Exercise -> Copy, without a single change, each line from the one that holds "Produktbild: K234A0 Handy-Stativ" to the bottom of the entries below, and drop any pictures.
BEGIN Task input
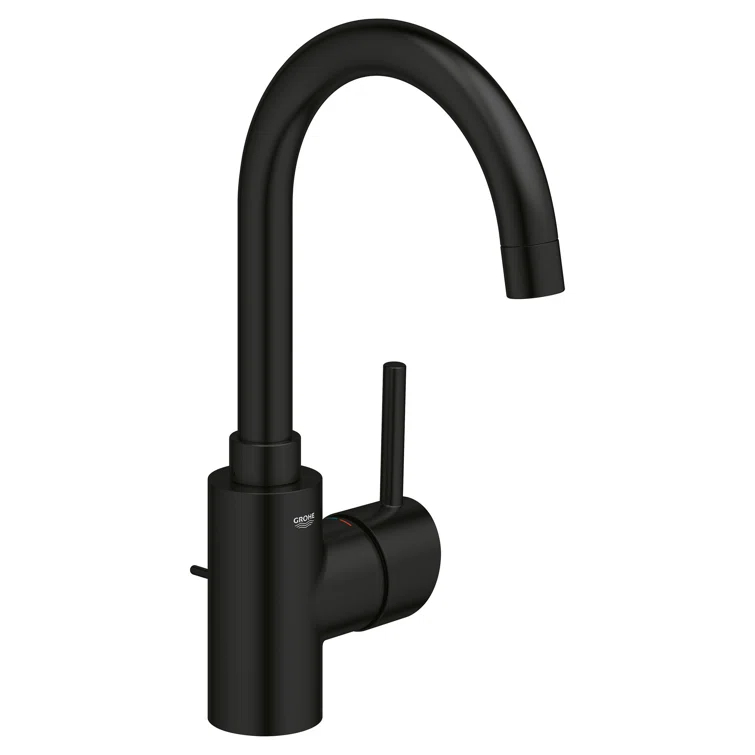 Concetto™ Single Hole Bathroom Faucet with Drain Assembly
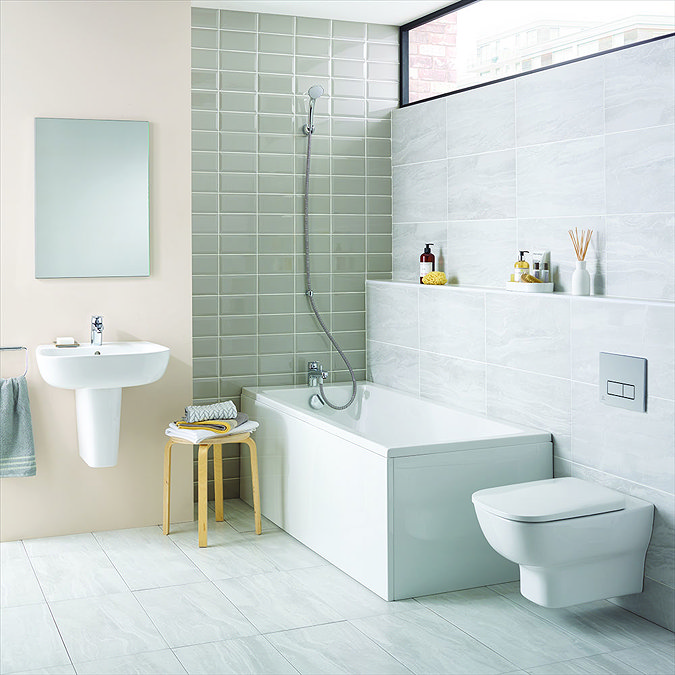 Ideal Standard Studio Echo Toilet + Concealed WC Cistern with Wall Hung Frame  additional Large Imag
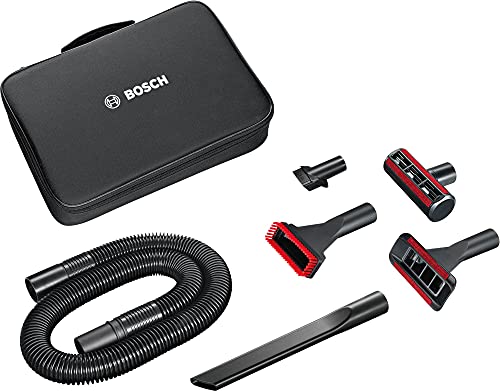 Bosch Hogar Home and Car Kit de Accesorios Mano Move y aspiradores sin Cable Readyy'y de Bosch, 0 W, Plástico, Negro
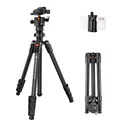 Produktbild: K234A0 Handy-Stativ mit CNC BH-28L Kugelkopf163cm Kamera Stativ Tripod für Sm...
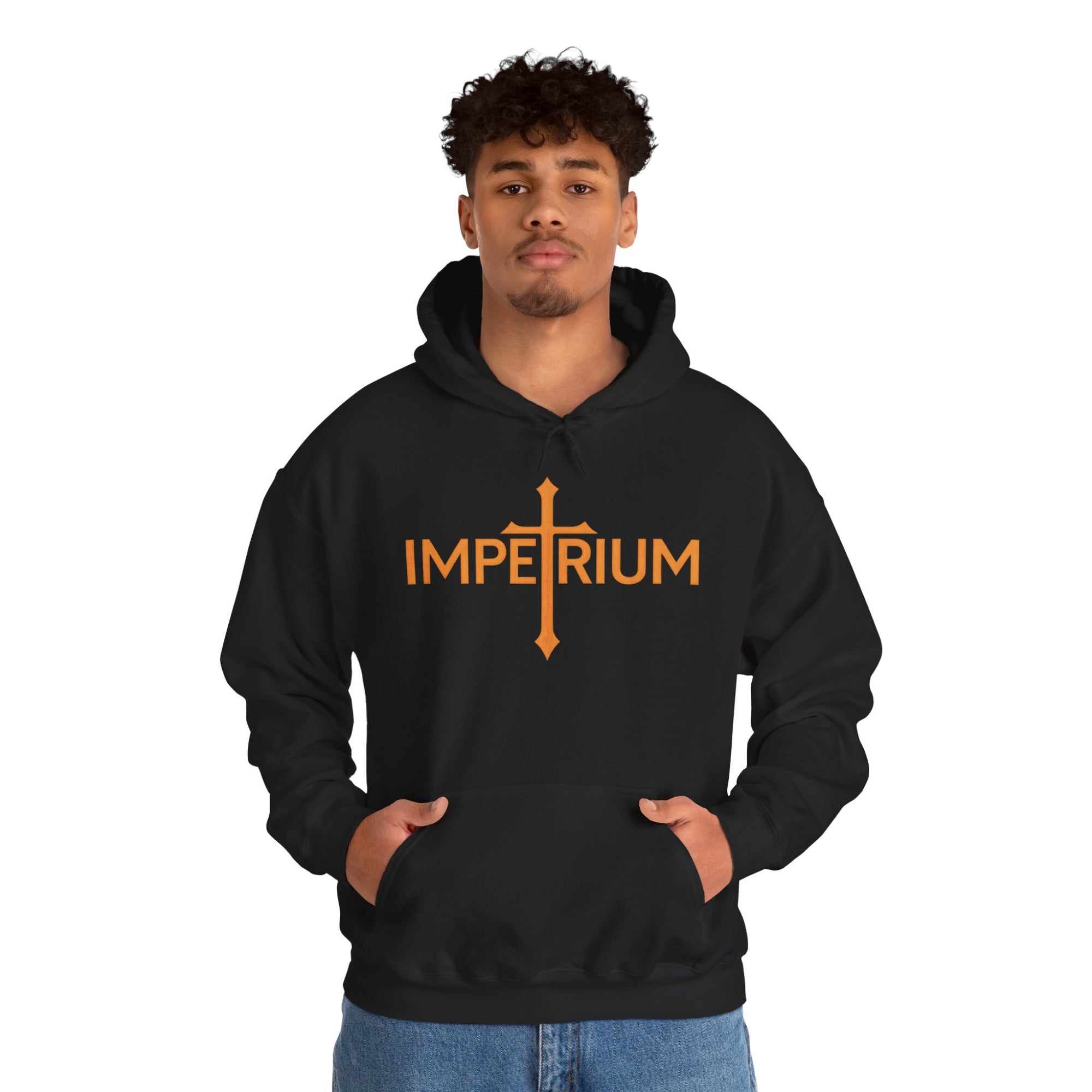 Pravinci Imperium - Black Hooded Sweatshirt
END Task input
Reply ->
 Produktbild: K234A0 Handy-Stativ mit CNC BH-28L Kugelkopf163cm Kamera Stativ Tripod für Sm...
 Pravinci Imperium - Black Hooded Sweatshirt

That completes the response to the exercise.